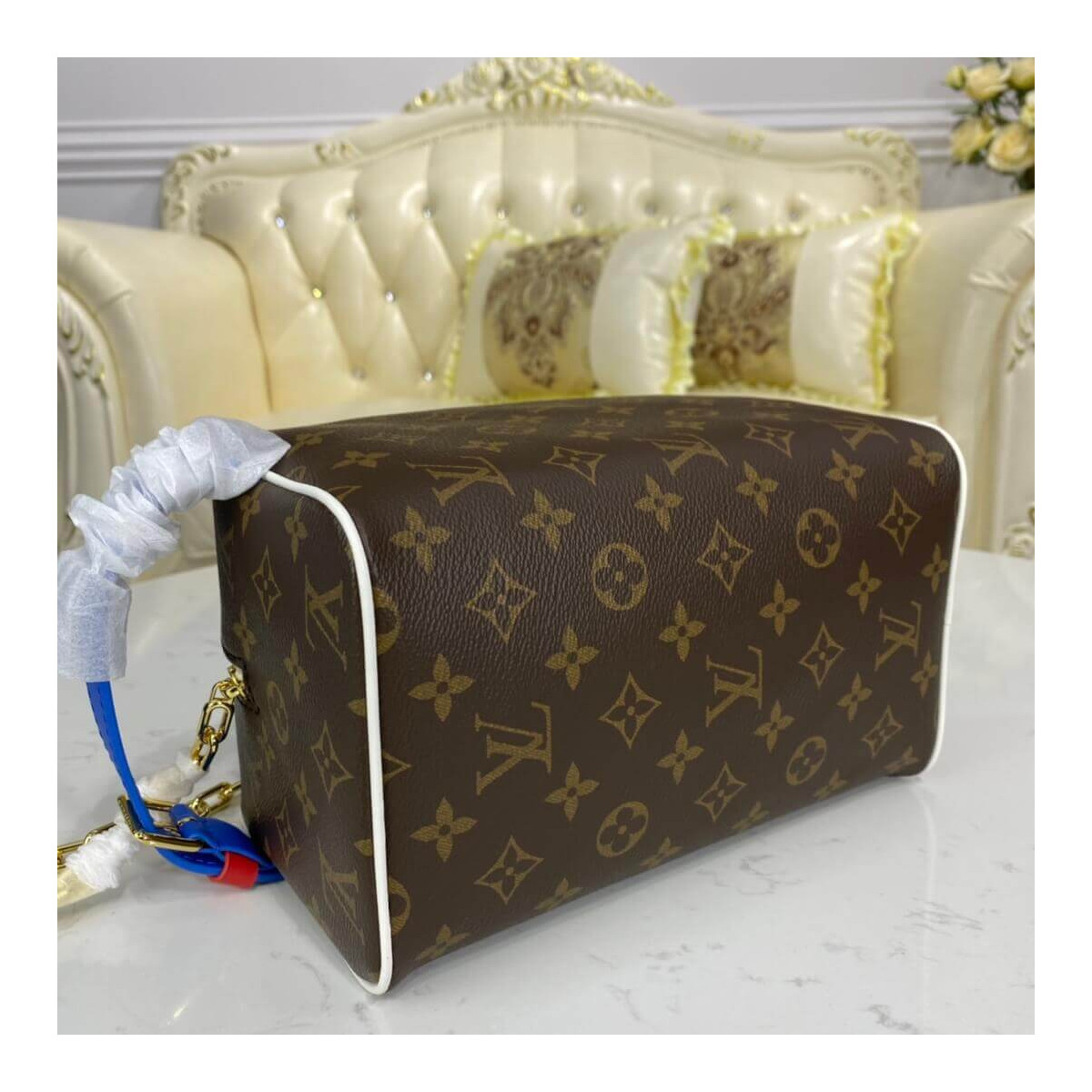 Louis Vuitton LV x NBA Cloakroom Dopp Kit M45588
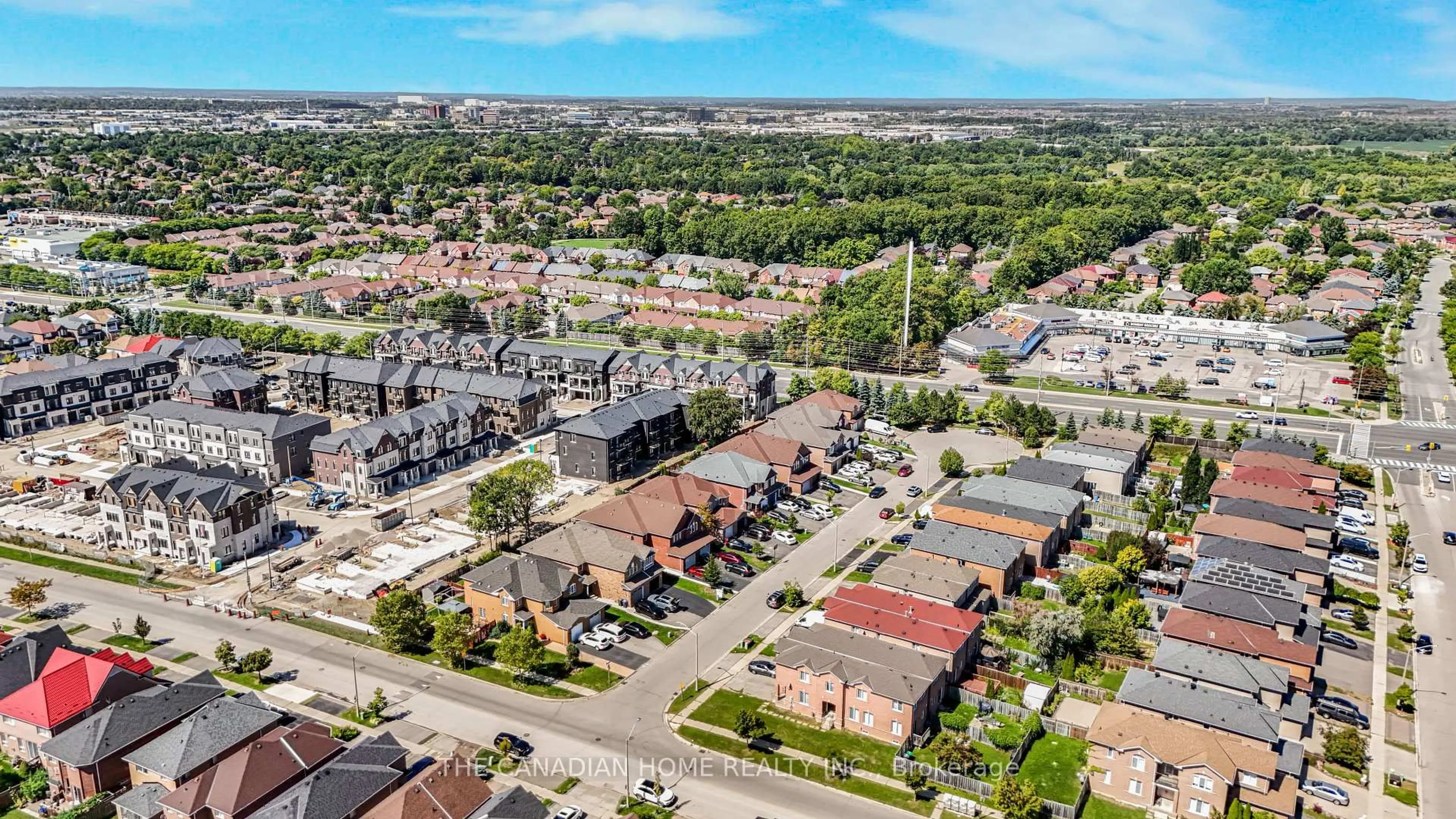 A pic from outside/outdoor area/front of a property/back of a property/a pic from drone, street for 5938 Candlebrook Crt, Mississauga Ontario L5V 2V5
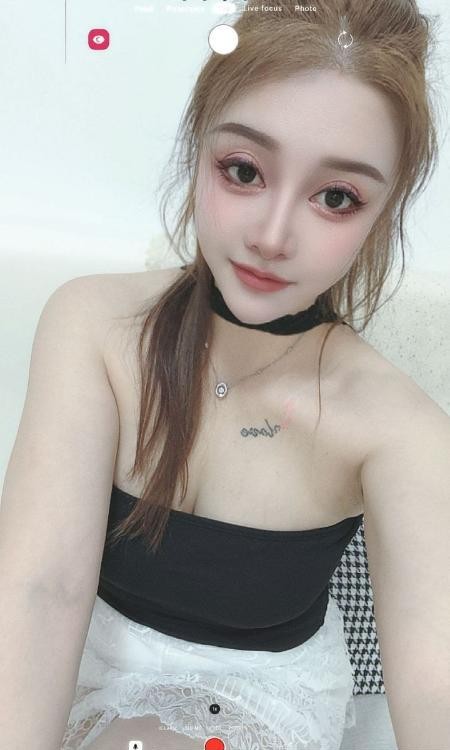 天府二街肤白貌美丽莎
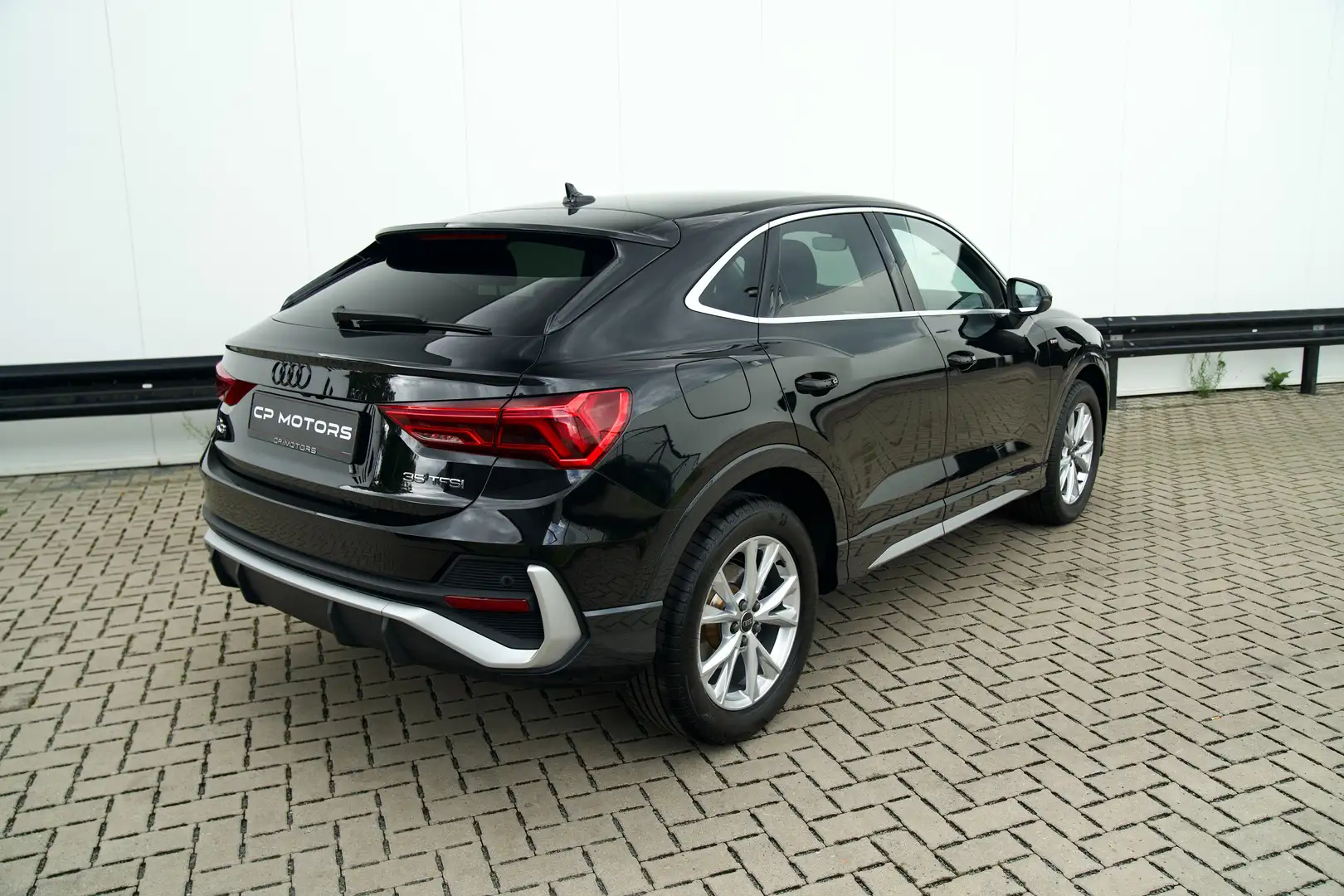 Audi Q3 35 TFSI | SPORTBACK | S-LINE | GARANTIE !! Noir - 2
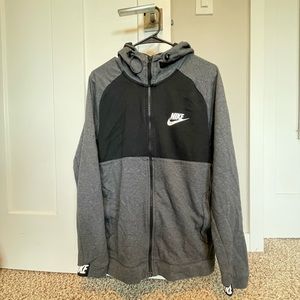 Nike performance hooded jacket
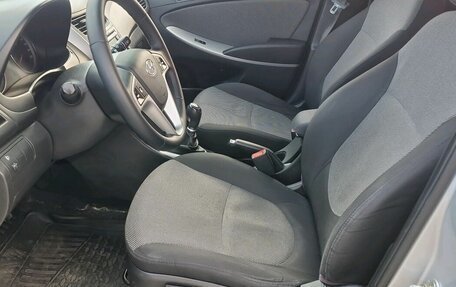 Hyundai Solaris II рестайлинг, 2013 год, 795 000 рублей, 5 фотография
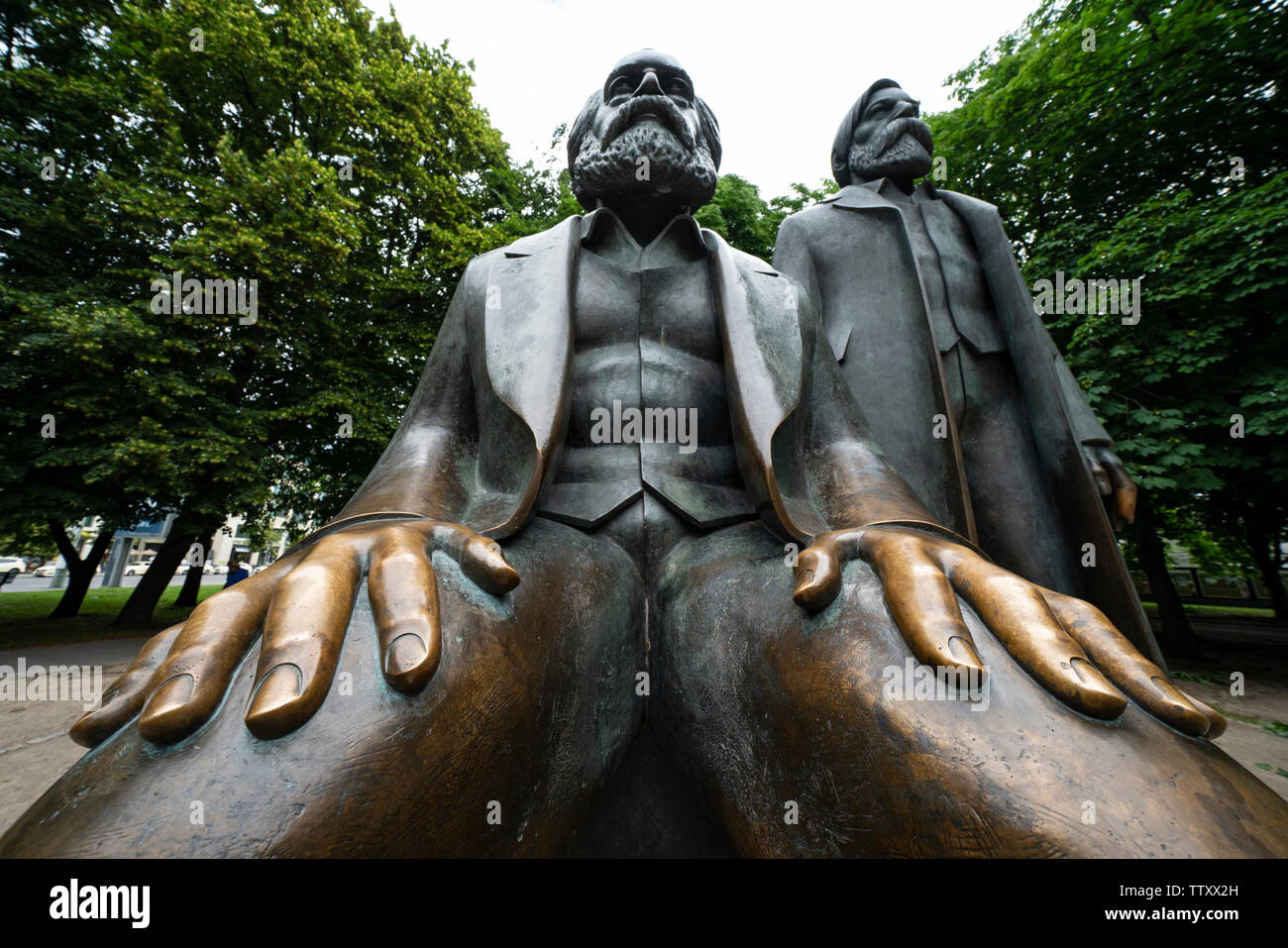 Statue de Karl Marx et Engels à Alexanderplatz dans Mitte, Berlin, Allemagne Banque D'Images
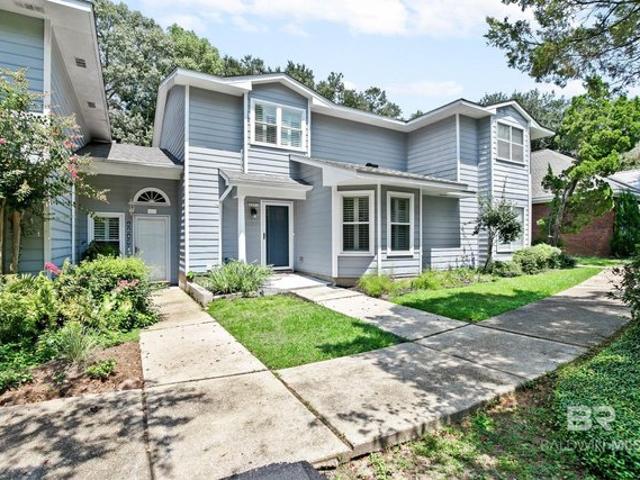 Townhouse for sale in Daphne, Alabama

--- Work instructions ---
No pictures go in the copy. Retype exactly the lines from the one with "Nike performance hooded jacket" through the last line of the entries above, both included, and nothing more.

--- Your solution ---
 Nike performance hooded jacket
 Hyundai Solaris II рестайлинг, 2013 год, 795 000 рублей, 5 фотография
 Statue de Karl Marx et Engels à Alexanderplatz dans Mitte, Berlin, Allemagne Banque D'Images
 Townhouse for sale in Daphne, Alabama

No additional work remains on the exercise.